WHAT IS EXPECTED:
Exactly reproduce the line containing "LAPBOOK PROJECT | BUILD WITH ME | part 6" and all later lines to the end of the entries, leaving the pictures out of your copy.
------ INFORMATION PROVIDED
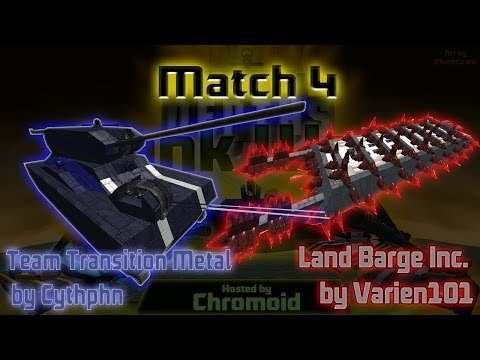 Tank Wars Episode 4: Land Barge Inc vs Team Transition Metal 1-4-6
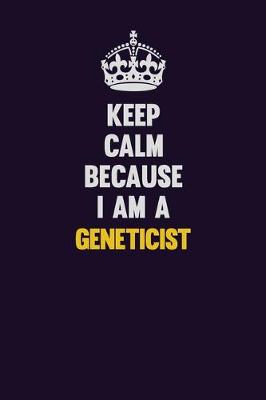 Book cover for Keep Calm Because I Am A Geneticist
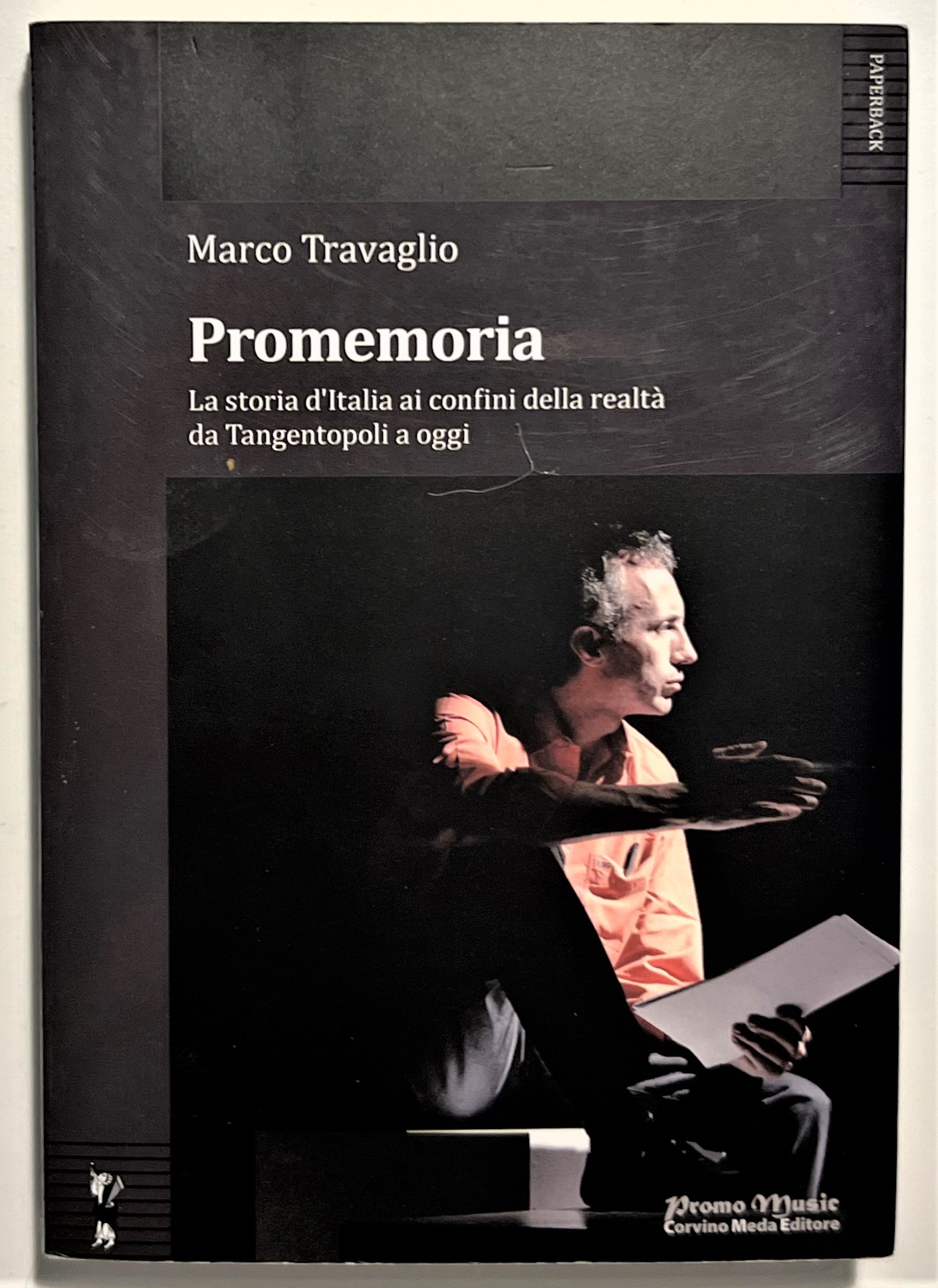 M. Travaglio - Promemoria: La storia d'Italia ai confini della …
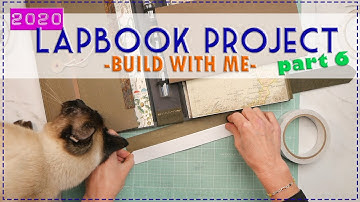 LAPBOOK PROJECT | BUILD WITH ME | part 6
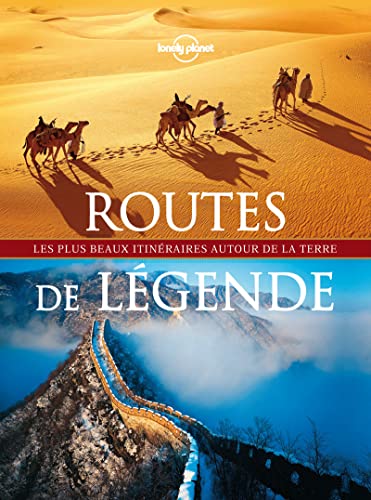 Beispielbild fr Routes de lgende : Les plus beaux itinraires autoir de la Terre zum Verkauf von medimops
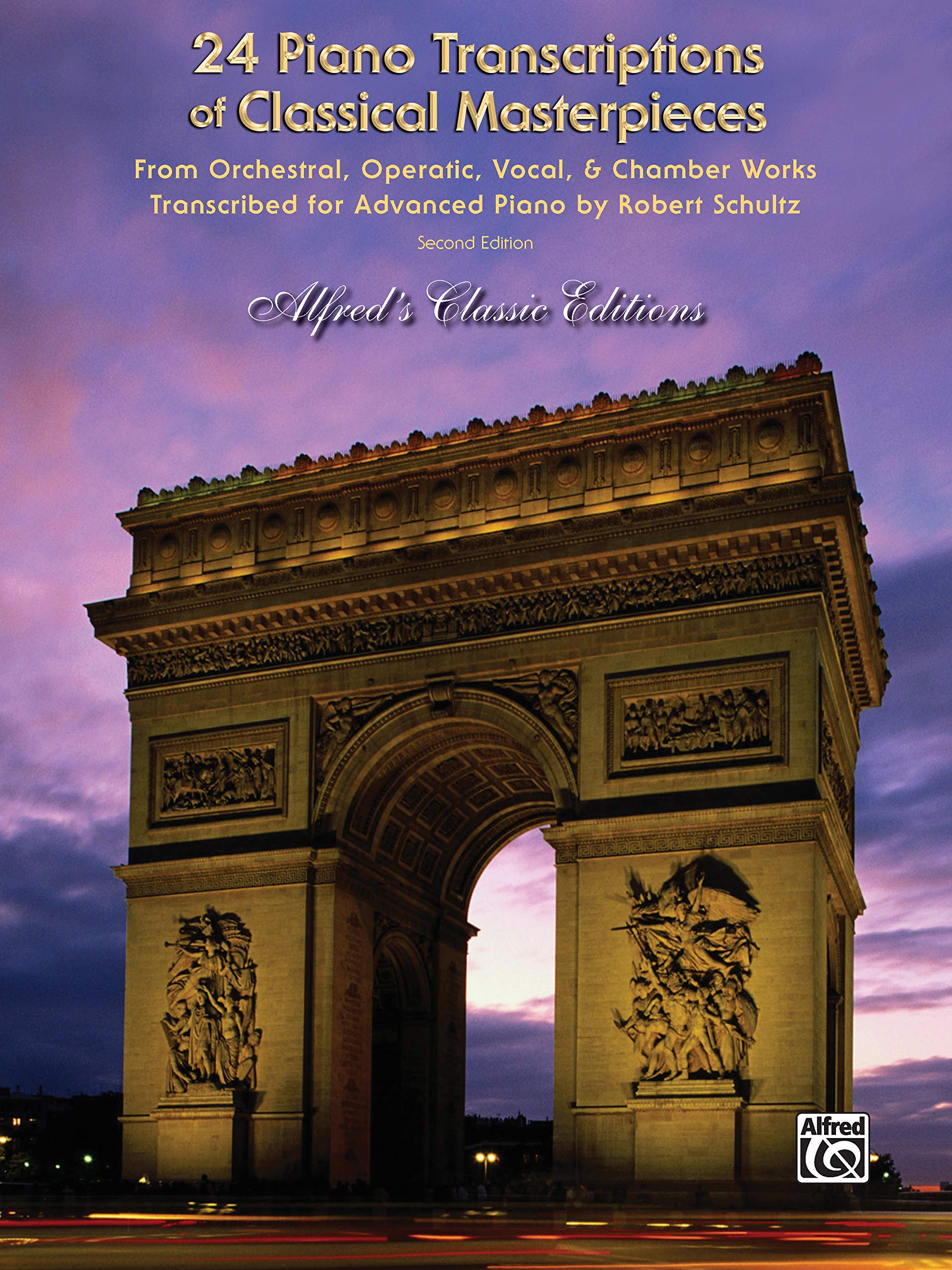 24 Piano Transcriptions Of Classical Masterpieces: From Orchestral, Operatic, Vocal, & Chamber Works (Alfred'S Classic Editions),Used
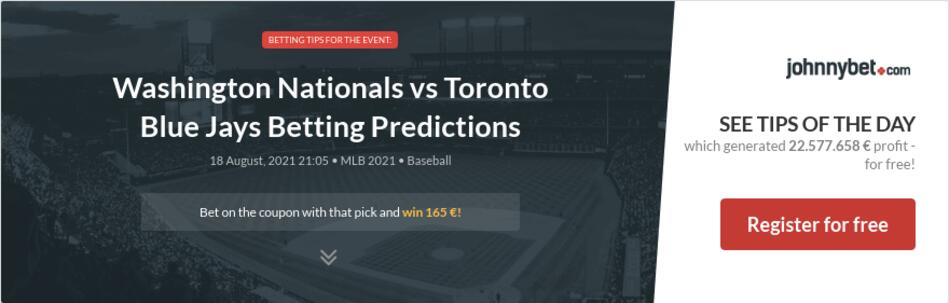 Washington Nationals vs Toronto Blue Jays Betting ...
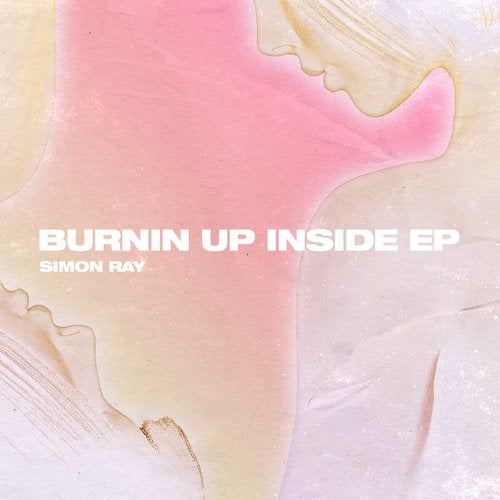 image cover: Simon Ray - Burnin' Up Inside EP / AXT133B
------------
YOUR RESPONSE:
 LAPBOOK PROJECT | BUILD WITH ME | part 6
 Beispielbild fr Routes de lgende : Les plus beaux itinraires autoir de la Terre zum Verkauf von medimops
 24 Piano Transcriptions Of Classical Masterpieces: From Orchestral, Operatic, Vocal, & Chamber Works (Alfred'S Classic Editions),Used
 Washington Nationals vs Toronto Blue Jays Betting ...
 image cover: Simon Ray - Burnin' Up Inside EP / AXT133B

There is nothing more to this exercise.